What you are asked to do:
From the records below, output exactly the lines running from the line containing "İsmail Saymaz aracılığıyla" through the line containing "respublika miqyosida tengdoshlari", and no others.

Task data:
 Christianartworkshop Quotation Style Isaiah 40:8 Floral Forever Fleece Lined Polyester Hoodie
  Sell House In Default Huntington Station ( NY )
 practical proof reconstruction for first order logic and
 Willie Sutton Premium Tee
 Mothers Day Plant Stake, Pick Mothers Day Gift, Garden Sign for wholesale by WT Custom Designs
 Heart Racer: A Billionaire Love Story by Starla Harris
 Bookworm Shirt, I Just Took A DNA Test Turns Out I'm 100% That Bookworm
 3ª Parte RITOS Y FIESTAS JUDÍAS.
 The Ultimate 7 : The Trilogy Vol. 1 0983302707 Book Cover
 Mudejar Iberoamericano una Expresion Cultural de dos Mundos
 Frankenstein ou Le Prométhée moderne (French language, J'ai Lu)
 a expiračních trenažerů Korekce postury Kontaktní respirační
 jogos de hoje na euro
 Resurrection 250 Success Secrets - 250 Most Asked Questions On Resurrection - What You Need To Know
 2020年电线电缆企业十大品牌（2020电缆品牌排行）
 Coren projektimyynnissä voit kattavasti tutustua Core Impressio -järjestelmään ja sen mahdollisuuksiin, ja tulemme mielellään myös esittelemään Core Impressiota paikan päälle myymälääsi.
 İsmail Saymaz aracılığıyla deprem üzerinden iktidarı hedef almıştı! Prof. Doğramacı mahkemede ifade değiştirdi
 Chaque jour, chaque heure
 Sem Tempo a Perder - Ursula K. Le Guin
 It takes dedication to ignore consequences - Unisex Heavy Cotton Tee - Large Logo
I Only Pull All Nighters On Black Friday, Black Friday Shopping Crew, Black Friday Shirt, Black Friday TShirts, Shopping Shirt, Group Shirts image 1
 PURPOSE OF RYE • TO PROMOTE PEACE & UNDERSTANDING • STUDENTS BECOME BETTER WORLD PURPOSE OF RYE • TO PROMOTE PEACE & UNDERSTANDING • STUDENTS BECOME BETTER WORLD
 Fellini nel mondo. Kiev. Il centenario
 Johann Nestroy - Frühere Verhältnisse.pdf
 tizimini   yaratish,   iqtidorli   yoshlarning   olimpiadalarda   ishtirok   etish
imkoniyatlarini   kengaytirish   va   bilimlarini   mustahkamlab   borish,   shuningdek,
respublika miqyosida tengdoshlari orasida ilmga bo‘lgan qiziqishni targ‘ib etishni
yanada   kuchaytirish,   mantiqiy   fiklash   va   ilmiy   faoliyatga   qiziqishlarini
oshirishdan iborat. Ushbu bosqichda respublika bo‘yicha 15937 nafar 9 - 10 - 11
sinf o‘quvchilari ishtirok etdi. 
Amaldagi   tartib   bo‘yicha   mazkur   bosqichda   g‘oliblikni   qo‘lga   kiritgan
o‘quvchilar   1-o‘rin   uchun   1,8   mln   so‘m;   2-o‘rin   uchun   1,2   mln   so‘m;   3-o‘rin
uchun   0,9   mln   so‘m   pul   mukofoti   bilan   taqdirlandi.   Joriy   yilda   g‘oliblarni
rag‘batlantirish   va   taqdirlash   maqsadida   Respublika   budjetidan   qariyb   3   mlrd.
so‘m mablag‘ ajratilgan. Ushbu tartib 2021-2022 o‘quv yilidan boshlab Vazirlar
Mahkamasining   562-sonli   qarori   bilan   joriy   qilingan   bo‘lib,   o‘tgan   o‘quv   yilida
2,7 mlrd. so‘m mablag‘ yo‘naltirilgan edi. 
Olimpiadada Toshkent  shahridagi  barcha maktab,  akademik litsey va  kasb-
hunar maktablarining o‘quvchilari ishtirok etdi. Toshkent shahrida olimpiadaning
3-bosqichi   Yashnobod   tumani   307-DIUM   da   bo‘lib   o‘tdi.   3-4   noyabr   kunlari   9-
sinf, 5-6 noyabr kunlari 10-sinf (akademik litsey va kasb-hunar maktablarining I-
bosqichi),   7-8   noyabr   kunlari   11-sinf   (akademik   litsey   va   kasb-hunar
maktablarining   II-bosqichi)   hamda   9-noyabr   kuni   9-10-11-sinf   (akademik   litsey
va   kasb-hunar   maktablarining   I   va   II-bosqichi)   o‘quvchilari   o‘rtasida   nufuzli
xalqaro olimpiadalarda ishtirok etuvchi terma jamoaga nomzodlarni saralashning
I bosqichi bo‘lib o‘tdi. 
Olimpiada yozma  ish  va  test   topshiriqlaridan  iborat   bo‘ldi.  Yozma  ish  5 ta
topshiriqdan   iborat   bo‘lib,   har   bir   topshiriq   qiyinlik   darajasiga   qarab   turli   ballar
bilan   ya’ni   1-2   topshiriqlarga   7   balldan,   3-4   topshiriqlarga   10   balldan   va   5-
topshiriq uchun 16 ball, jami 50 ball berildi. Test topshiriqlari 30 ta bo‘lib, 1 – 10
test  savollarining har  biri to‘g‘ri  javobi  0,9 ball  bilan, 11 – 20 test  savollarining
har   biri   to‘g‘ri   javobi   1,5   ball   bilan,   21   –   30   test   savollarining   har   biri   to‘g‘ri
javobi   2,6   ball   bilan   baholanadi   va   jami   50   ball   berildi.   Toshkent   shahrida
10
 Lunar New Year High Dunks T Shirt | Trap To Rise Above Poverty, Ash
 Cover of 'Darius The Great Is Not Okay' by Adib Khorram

Exercise solution:
 İsmail Saymaz aracılığıyla deprem üzerinden iktidarı hedef almıştı! Prof. Doğramacı mahkemede ifade değiştirdi
 Chaque jour, chaque heure
 Sem Tempo a Perder - Ursula K. Le Guin
 It takes dedication to ignore consequences - Unisex Heavy Cotton Tee - Large Logo
I Only Pull All Nighters On Black Friday, Black Friday Shopping Crew, Black Friday Shirt, Black Friday TShirts, Shopping Shirt, Group Shirts image 1
 PURPOSE OF RYE • TO PROMOTE PEACE & UNDERSTANDING • STUDENTS BECOME BETTER WORLD PURPOSE OF RYE • TO PROMOTE PEACE & UNDERSTANDING • STUDENTS BECOME BETTER WORLD
 Fellini nel mondo. Kiev. Il centenario
 Johann Nestroy - Frühere Verhältnisse.pdf
 tizimini   yaratish,   iqtidorli   yoshlarning   olimpiadalarda   ishtirok   etish
imkoniyatlarini   kengaytirish   va   bilimlarini   mustahkamlab   borish,   shuningdek,
respublika miqyosida tengdoshlari orasida ilmga bo‘lgan qiziqishni targ‘ib etishni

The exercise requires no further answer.